C'est en ce sens que s'est prononcée la cour d'appel de Chambéry dans un arrêt rendu le 31 mars 2022. En l’espèce, une femme avait été victime d'un accident, en chutant dans un trou d'un mètre de profondeur, dont la présence était due à des travaux de voirie et réseaux divers.

Après qu’il ait été relevé que le trou, chose inerte, qui occupait une position anormale, devait être considéré comme la chose dommageable au sens des dispositions de l'article 1384, alinéa 1er ancien du Code civil, relatif à la responsabilité du fait des choses, la question s’est notamment posée de la détermination de l’entreprise responsable alors qu’il existait plusieurs intervenants sur ce chantier. En effet, les travaux litigieux avaient été réalisés dans le cadre d'un contrat conclu entre la SA Orange et la SAS Eiffage Telecom Sud-Est qui avait sous-traité la partie génie civil des travaux à la SAS Eiffage Energie Rhône-Alpes et la partie câblage à la SARL PCE Services.

La cour d’appel de Chambéry rappelle qu’il est constant en jurisprudence que le gardien de la chose se définit comme celui qui dispose des pouvoirs de contrôle d'usage et de direction de la chose dommageable. Il est tout aussi constant que la garde est alternative et non cumulative.

En l'espèce la cour relève que :

  • la société Orange, maître de l'ouvrage, avait confié les travaux à la société Fiffage Energie Systèmes Telecom Sud-Est (qualifié d'entrepreneur) lui transférant ainsi la garde des chantiers à venir comme le stipulait d'ailleurs l'article 7.7 de la convention, selon lequel l'organisation et le financement des Prestations et Travaux était de la pleine responsabilité de l'entrepreneur qui devrait respecter les règles de l'art ;
  • la société Eiffage Energie Systèmes Telecom Sud-Est avait, à son tour, confié à la société Eiffage Energie Systèmes - Infra Rhône-Alpes et à la SARL PCE Services la réalisation des travaux par des contrats de sous-traitance selon lesquels le sous-traitant était seul responsable des accidents ou dommages résultant de l'exécution de ses travaux ou du fait de ses agents ou personnels tant envers l'entrepreneur principal qu'envers les tiers (article 2-3 in fine, pièces société Orange n°2 et 3) ;
  • au moment de l'accident, seule la SARL PCE Services, chargée du câblage, était présente et travaillait sur le chantier litigieux comme cela résultait de deux témoignages qui précisaient que les ouvriers tiraient des câbles et installaient la fibre, ainsi que des déclarations de la société elle-même ;
  • selon les témoignages c’étaient les ouvriers présents qui avaient « ouvert les regards » ou encore « enlevé les plaques métalliques » créant ainsi le trou dans lequel la victime est tombée ;
  • la SARL PCE Services reconnaissait elle-même dans un courrier adressé à une compagnie d'assurance et daté du 15 janvier 2015 que les éléments de sécurité qu'elle imposait à ses employés pour protéger les « chambres » étaient une planche rouge recouvrant le trou, des cônes de protection aux quatre coins et un parc de protection garde-fou ; elle affirmait dans le même courrier que « tous les éléments de sécurité étaient installés » ;
  • si les témoins de l'accident évoquaient la présence de petits cônes autour du trou et la victime mentionnait la présence d'une planche rouge, aucun ne disait que des garde-fous étaient en place ; au contraire, les deux témoins précisent avoir vu que l'installation était dangereuse et disaient l'avoir signalé aux ouvriers qui n'avaient pas donné suite à leurs avertissements.

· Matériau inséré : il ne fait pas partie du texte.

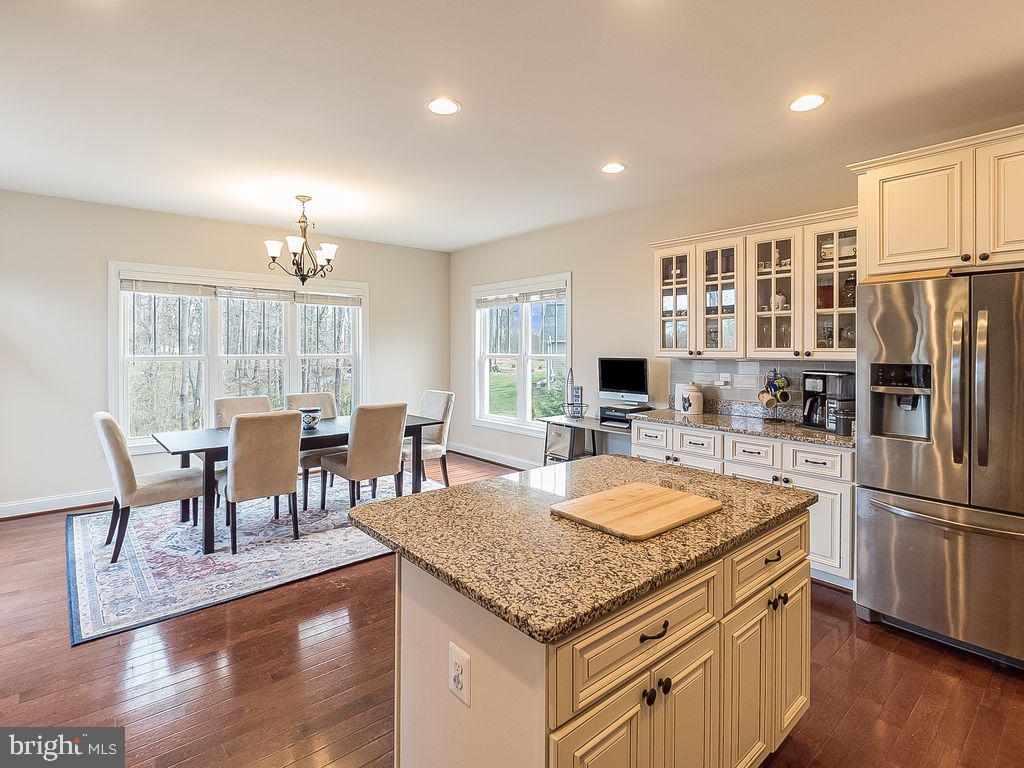 15516 Waterloo Road Amissville, VA 20106 - Photo 3 of 28 Central Island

Selon les conseillers d’appel de Chambéry, il résultait de l'ensemble de ce qui précède que seule la SARL PCE Services avait, au moment de l'accident, la garde du chantier litigieux, chantier qu'elle avait insuffisamment sécurisé. À ce titre c'est vainement que la société QBE Europe SA/NV invoquait l'article 11 des dispositions du contrat de sous-traitance. En effet cette clause ne concernait que le partage des dépenses entre l'entrepreneur et le sous-traitant et uniquement s'agissant de postes qui n'étaient pas en lien avec l'accident et concernaient, par exemple, les bureaux de chantier et leurs fluides ou encore l'éclairage, le chauffage ou la surveillance des locaux communs.